How to report test scores to parents debated

January 14, 2015
CAASPP sbac smarter balanced

Students in California preparing for the Smarter Balanced tests.

With California students set to begin taking new Smarter Balanced tests in the Common Core State Standards this spring, state education officials are worried about how parents will view the results – especially if, as experts predict, their kids’ initial scores will be low.

“I’m not sure we have (the message) right yet,” Chief Deputy State Superintendent Richard Zeiger told members of the State Board of Education on Wednesday. The Department of Education is working on drafts of explanations of the scores that it has not yet published.

“Let’s be frank: All scores will be shifted to the left,” he said, meaning lower on the point scale, with fewer students deemed to be proficient than under the old state standards and more students scoring at basic or below basic levels. “We have to educate parents about that. It’s not that your kid got dumber; there has been a shift in systems.”

Downplaying the significance of the first year’s scores, State Board President Michael Kirst has said that it will take five more years for full implementation of the new standards, with fully trained teachers using fully developed curricula and textbooks. He and others are concerned that low scores will fuel the public’s skepticism of Common Core and teachers’ anxiety that they’ll be prematurely judged by test scores.

Last year, students from California and 16 other states belonging to the Smarter Balanced consortium took a Smarter Balanced “field,” or practice, test. Based on the results and professional educators’ judgments, Smarter Balanced created four performance levels for the test, determined by threshold points or “cut scores” at each level. Level 4 designates advanced work and Levels 1 and 2 demonstrate partial or minimal knowledge of the standards. Level 3 is roughly equivalent to proficiency, although Kirst and other officials insist on not using that term. Smarter Balanced is predicting that between 33 percent and 44 percent of students in California and elsewhere will reach the threshold for Level 3 this spring, when the formal tests are introduced.

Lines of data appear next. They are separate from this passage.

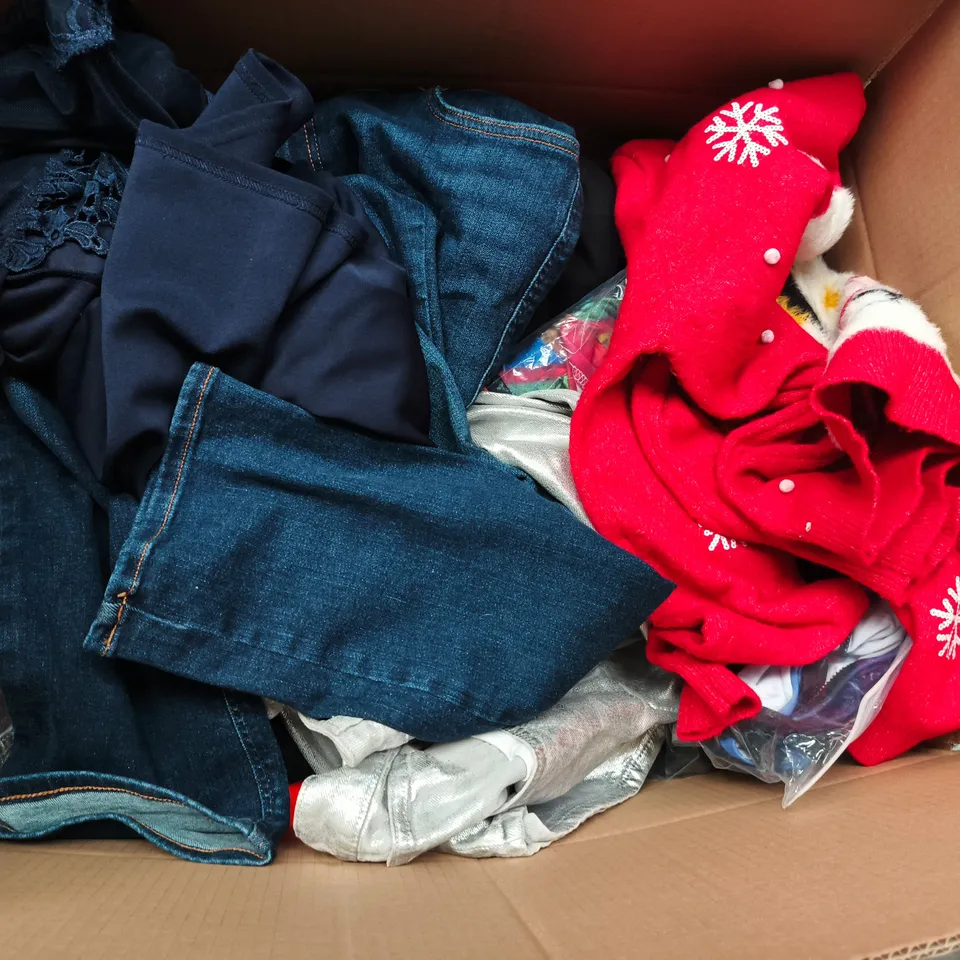 APPROXIMATELY 30 ASSORTED CLOTHING ITEMS IN VARIOUS SIZES, STYLES & COLOURS TO INCLUDE BRANDS SUCH AS MASUMI, PRIMARK, F&F, ETC - COLLECTION ONLY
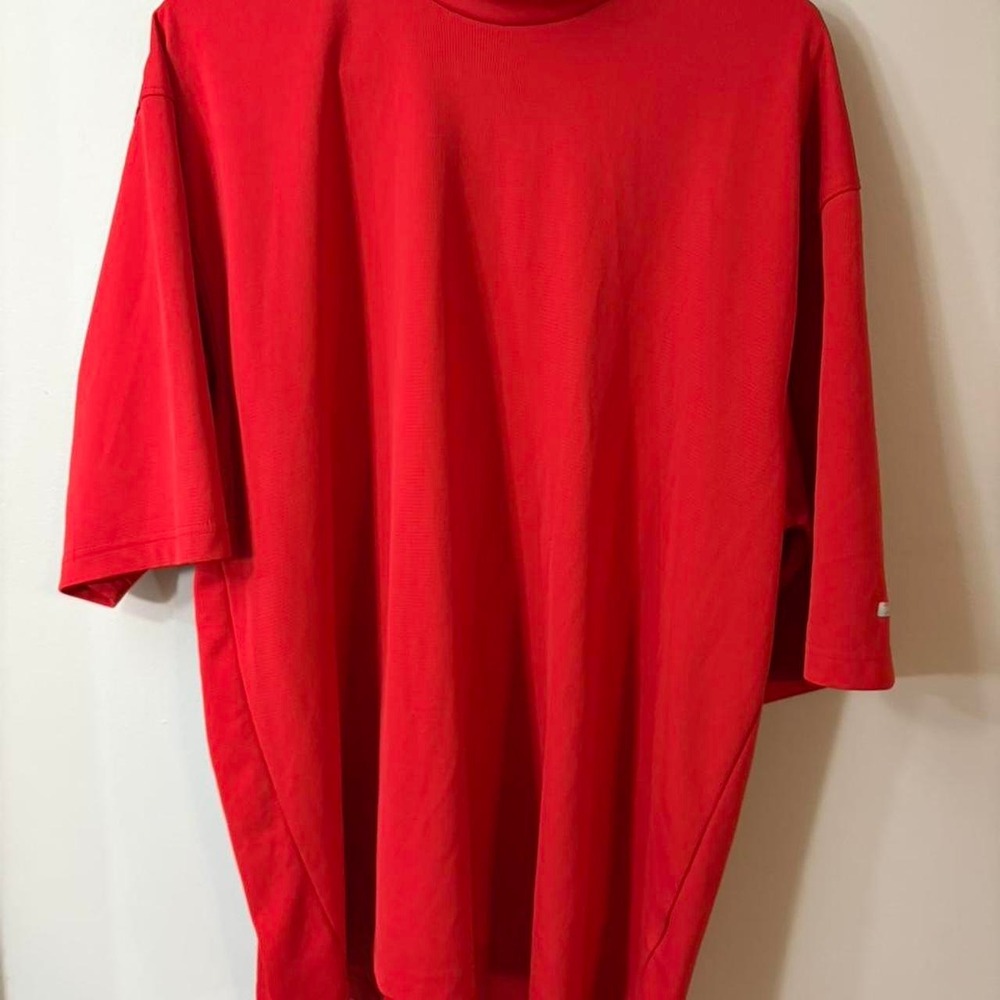 2000s Y2K Nike red‎ Dri-Fit shirt, Size L
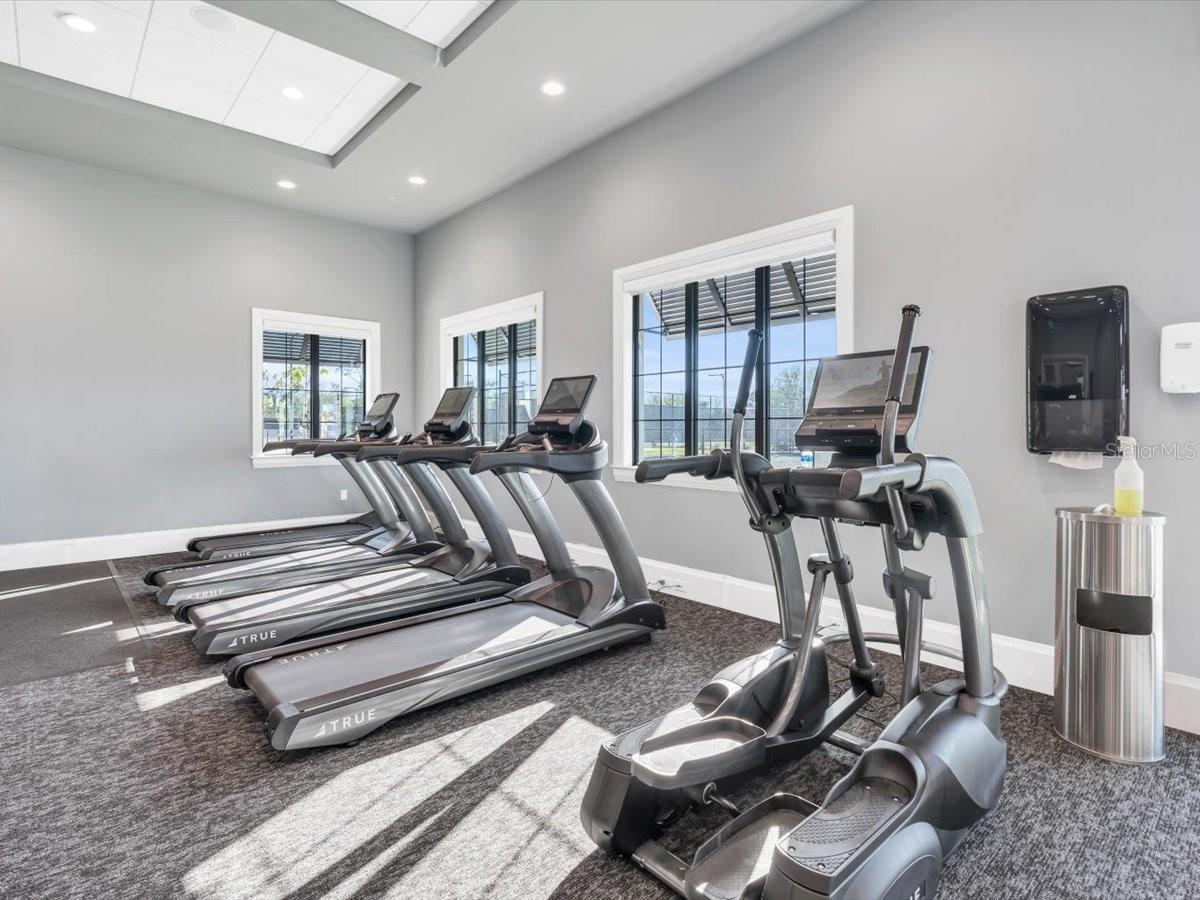 HERITAGE LANDING - Residential Lease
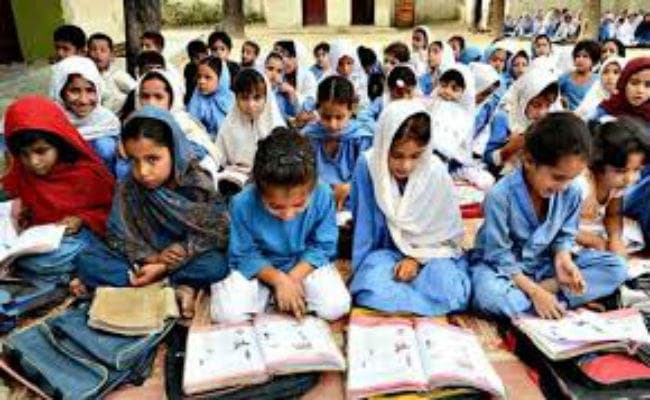पाकिस्तान के खैबर पख्तूनख्वा में 58 स्कूल और 30 अस्पताल बनायेगा चीन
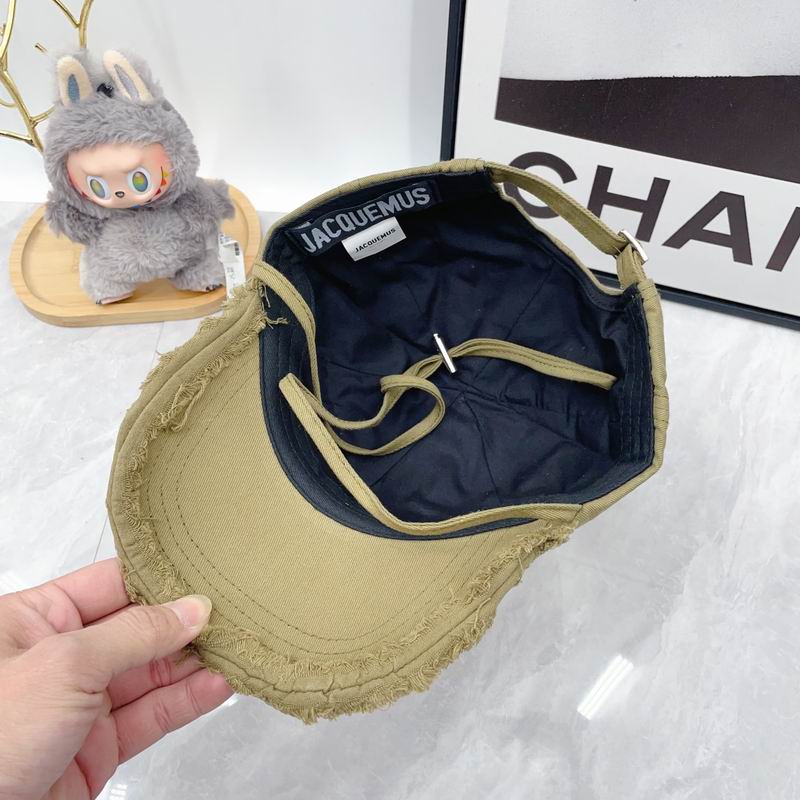 Jacouemus Cap dx (1171)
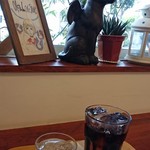 オカダ カフェ ストア - アイスコーヒー350円カフェのカウンター席で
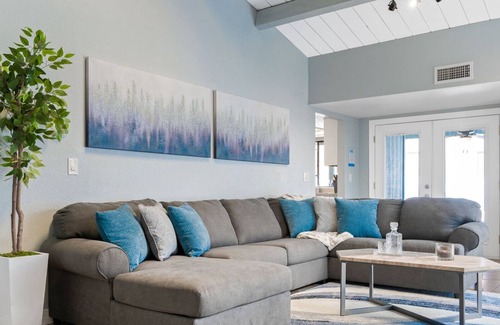 Dobson Ranch House | THE POOLSIDE PALMS: POOL + BASKETBALL COURT + MORE
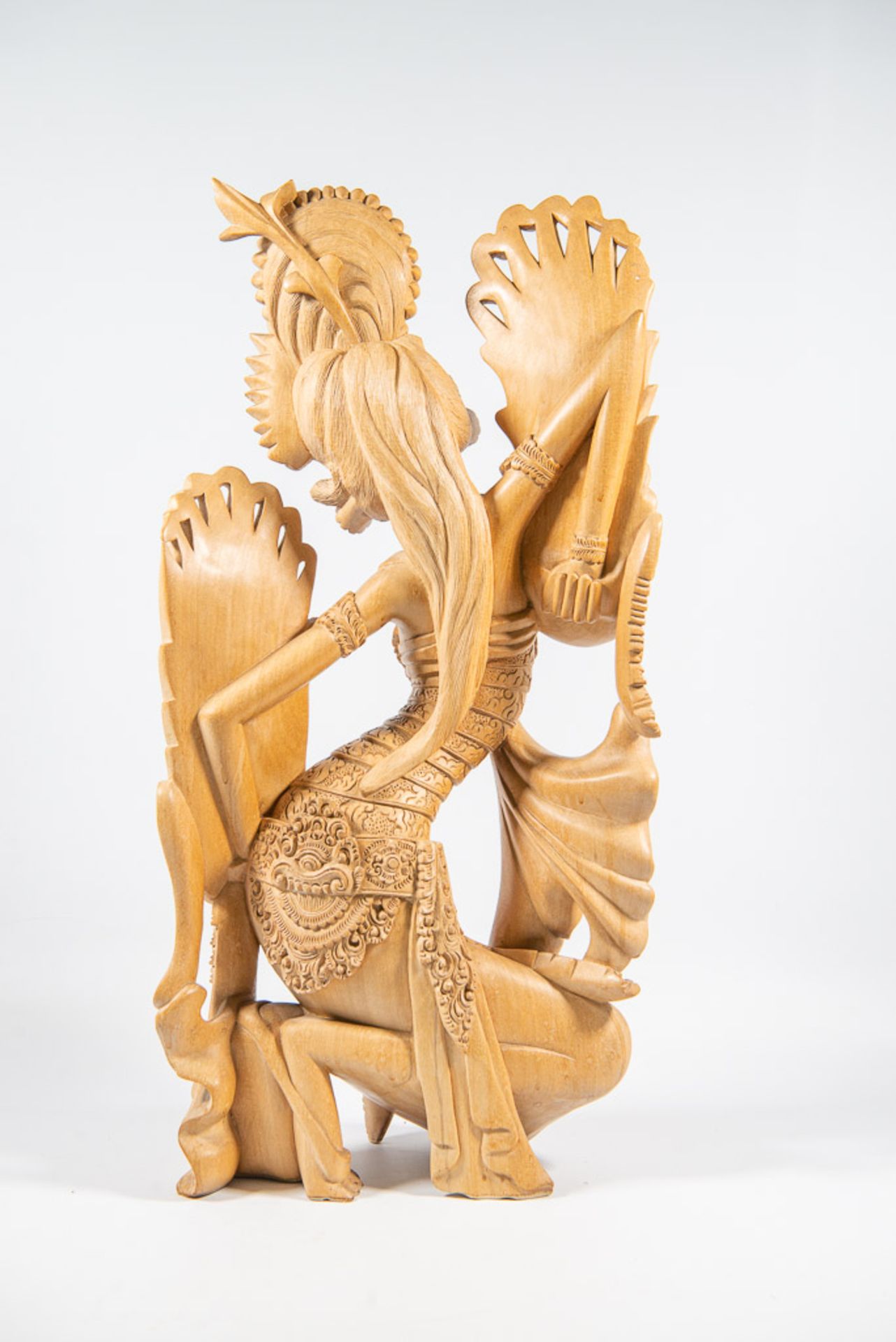 Indonesian wood sculpture - Image 4 of 5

In 2013, the last time that the California standardized tests were given, 51 percent of students overall posted a score of proficient and above in math and 56 percent of students scored proficient and above in English language arts. The scores ranged from 46 percent proficient in 3rd-grade reading to 72 percent proficient in 4th-grade math.

Kirst and advocates of Common Core argue that Common Core standards, which stress problem-solving, communication skills and conceptual understanding of math, are different, if not more rigorous, than the previous state academic standards, and new tests will be harder, too. To emphasize this point, the Legislature prohibited comparing the old and new test scores to update the Academic Performance Index (API), the state’s chief accountability measure.

From March to June, 3.2 million California students in grades 3 to 8 and grade 11 will take the Smarter Balanced end-of-year tests in math and English language arts. Nearly all will take it online, and the state Department of Education is promising that schools will receive the scores electronically between two and four weeks later. Parents will receive paper copies of the report about a month after that. It will take longer to report the scores of the 2,000 students, mainly from rural schools without adequate technology, who will take the Smarter Balanced test on paper.

Students will receive a score ranging from 2,000 to 3,000, a point system intentionally chosen to differentiate it from what other states have used. The state can choose how to present the results to parents. It could focus on a student’s raw number and emphasize the student’s growth on the scale from grade to grade – something that wasn’t possible with the old state tests. Or it could de-emphasize the raw score while focusing on which of the four performance levels the student achieved. Board members expressed different views.

“Scale scores provide a better breakdown,” Kirst said. “We need to get away from the over-focus on (performance) levels.” There’s “nothing magical” about the threshold or cut scores by level; they are imprecise, he said.

But board member Trish Williams said that performance levels provide an easily understandable indicator. Parents need to know how their children performed relative to others, she said.

Still to be determined is whether first-year Smarter Balanced scores will be used to judge schools’ and districts’ performance. The state board suspended the API for 2014-15, and in March, it will decide whether to suspend it again in 2015-16. That’s what the Association of California School Administrators, representing superintendents and principals, and Los Angeles Unified, the state’s largest district, are seeking. They have said that there has not been enough time for teachers and districts to make the transition to the new standards for accountability purposes.

Los Angeles Mayor Eric Garcetti seconded that in a letter sent to the state board this week. “Any use of the spring 2015 (Smarter Balanced) results will give the state an inaccurate picture of student and school performance,” he said.

Doug McRae, a retired standardized testing publisher from Monterey who has consistently questioned Smarter Balanced’s methodology and timetable in testimony before the state board, on Wednesday called for delaying all reporting of this spring’s Smarter Balanced scores until the state has done thorough studies to determine if the performance levels are valid and reliable, as required by state law.

The board has referred the issue of delaying the API scores to two advisory committees, which are to report back in March.